+++ MATERIAL SHOWN +++

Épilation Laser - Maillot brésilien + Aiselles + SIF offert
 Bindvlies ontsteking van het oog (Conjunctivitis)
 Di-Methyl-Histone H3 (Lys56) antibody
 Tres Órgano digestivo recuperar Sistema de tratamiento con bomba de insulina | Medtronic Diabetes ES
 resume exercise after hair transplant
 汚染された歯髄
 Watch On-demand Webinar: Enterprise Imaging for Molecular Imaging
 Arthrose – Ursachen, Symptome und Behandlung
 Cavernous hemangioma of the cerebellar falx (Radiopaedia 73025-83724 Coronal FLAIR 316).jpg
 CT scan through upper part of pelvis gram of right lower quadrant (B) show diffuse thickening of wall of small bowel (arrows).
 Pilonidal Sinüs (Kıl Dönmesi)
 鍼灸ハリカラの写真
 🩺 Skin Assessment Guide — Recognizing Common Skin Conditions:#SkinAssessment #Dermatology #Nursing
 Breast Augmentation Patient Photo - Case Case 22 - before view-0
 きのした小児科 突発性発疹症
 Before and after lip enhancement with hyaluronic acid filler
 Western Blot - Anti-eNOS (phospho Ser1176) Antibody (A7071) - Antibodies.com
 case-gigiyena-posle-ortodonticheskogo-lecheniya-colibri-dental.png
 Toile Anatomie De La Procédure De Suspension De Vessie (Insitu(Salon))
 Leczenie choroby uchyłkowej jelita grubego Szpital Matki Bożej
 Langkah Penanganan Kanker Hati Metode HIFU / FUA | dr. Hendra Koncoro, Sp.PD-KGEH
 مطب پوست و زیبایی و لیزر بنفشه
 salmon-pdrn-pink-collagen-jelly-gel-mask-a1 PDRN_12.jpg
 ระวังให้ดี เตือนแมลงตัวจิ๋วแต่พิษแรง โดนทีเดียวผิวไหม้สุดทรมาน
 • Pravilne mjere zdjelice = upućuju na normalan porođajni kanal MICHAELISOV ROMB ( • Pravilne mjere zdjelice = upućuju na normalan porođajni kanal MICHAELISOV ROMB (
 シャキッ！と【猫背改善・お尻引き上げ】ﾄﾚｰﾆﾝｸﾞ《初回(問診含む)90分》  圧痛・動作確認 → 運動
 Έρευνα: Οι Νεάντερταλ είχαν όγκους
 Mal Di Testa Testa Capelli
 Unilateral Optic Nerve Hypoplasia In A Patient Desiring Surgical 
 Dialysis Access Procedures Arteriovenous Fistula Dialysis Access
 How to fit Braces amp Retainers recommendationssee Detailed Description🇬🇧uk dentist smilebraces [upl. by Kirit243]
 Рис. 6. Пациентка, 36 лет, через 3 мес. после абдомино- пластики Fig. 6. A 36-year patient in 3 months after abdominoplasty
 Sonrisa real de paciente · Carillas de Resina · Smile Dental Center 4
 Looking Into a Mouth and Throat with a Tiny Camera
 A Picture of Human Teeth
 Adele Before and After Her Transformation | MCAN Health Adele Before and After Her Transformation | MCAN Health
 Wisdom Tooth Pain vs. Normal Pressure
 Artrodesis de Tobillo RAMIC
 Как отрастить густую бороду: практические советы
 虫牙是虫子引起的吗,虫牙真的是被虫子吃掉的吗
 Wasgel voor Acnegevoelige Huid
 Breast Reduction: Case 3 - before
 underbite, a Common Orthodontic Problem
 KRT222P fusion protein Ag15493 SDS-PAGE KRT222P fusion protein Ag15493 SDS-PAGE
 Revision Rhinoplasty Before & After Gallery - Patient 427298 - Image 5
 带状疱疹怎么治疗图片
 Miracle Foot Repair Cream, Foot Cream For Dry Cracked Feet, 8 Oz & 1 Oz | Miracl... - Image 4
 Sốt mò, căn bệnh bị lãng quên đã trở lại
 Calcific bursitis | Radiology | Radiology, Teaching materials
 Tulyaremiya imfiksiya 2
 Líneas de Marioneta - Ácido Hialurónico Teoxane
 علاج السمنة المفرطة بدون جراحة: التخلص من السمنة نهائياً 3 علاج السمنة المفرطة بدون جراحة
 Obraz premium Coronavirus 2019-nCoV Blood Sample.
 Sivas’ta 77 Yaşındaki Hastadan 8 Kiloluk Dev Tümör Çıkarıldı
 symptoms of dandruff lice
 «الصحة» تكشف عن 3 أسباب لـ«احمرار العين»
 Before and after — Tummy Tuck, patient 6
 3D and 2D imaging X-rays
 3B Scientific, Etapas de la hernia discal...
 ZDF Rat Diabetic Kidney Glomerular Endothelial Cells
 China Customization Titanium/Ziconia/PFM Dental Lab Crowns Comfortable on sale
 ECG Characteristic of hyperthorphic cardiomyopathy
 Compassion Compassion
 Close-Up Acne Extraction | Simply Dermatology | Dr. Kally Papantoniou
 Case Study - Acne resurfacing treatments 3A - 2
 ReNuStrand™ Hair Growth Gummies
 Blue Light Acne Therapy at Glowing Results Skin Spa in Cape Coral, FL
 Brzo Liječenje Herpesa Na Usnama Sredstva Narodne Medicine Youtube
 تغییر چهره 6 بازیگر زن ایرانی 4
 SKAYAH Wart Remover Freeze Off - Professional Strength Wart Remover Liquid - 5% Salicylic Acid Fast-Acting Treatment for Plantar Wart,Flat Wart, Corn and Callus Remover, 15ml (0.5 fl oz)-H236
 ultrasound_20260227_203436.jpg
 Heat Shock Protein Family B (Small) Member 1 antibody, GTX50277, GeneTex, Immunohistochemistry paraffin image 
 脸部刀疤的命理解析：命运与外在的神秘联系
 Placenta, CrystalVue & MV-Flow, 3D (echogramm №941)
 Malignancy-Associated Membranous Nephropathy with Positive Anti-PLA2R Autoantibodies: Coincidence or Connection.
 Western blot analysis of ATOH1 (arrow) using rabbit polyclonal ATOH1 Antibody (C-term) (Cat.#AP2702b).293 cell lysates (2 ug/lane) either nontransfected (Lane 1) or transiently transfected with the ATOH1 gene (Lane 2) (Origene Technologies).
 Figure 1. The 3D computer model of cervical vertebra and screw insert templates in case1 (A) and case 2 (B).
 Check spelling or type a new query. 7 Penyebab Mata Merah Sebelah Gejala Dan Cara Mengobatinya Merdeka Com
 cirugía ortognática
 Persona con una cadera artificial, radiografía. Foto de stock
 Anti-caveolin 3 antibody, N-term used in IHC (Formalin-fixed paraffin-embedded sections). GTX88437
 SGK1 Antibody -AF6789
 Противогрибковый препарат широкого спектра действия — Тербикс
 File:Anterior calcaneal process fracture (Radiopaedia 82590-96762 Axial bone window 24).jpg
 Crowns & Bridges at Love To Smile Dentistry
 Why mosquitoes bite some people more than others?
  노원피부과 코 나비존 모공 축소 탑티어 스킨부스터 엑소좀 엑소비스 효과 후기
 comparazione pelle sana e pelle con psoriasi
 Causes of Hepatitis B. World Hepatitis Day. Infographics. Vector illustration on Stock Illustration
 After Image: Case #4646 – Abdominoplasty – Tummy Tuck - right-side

+++

_ABOUT THIS TASK_: Repeat exactly, and only, the run of lines from the start of the material above through the line that holds "Cavernous hemangioma of".

_RESPONSE TO THE EXERCISE_:
Épilation Laser - Maillot brésilien + Aiselles + SIF offert
 Bindvlies ontsteking van het oog (Conjunctivitis)
 Di-Methyl-Histone H3 (Lys56) antibody
 Tres Órgano digestivo recuperar Sistema de tratamiento con bomba de insulina | Medtronic Diabetes ES
 resume exercise after hair transplant
 汚染された歯髄
 Watch On-demand Webinar: Enterprise Imaging for Molecular Imaging
 Arthrose – Ursachen, Symptome und Behandlung
 Cavernous hemangioma of the cerebellar falx (Radiopaedia 73025-83724 Coronal FLAIR 316).jpg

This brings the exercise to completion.